Source records:
-- -- --

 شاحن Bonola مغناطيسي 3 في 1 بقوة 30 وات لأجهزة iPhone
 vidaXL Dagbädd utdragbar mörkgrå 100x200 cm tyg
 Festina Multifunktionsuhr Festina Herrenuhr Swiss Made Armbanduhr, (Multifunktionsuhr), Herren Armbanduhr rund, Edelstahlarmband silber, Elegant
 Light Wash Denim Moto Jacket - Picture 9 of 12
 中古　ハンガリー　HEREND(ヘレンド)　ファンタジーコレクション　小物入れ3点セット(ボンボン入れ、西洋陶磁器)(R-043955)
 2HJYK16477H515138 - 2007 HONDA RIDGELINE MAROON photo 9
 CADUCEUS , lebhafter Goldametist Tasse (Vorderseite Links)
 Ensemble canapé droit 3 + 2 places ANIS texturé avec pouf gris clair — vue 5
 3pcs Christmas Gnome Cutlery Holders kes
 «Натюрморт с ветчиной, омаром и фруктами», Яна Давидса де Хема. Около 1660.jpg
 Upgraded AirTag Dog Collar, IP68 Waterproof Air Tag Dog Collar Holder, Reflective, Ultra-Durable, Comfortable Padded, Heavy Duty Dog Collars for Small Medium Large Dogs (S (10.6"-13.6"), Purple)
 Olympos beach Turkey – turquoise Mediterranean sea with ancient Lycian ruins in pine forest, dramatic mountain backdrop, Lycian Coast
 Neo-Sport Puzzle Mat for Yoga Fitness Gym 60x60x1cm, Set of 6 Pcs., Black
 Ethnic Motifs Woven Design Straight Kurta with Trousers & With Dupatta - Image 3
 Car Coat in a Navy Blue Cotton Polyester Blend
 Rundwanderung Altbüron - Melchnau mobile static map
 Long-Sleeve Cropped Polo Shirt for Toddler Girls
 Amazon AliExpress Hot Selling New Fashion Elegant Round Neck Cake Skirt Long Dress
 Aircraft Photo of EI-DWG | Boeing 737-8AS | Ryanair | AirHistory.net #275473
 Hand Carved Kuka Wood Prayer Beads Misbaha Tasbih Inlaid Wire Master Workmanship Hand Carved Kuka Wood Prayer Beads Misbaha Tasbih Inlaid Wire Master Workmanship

-- -- --

Your objective:
The answer should consist of all lines from the records above that hold the word "Elegant".

Exercise response:
 Festina Multifunktionsuhr Festina Herrenuhr Swiss Made Armbanduhr, (Multifunktionsuhr), Herren Armbanduhr rund, Edelstahlarmband silber, Elegant
 Amazon AliExpress Hot Selling New Fashion Elegant Round Neck Cake Skirt Long Dress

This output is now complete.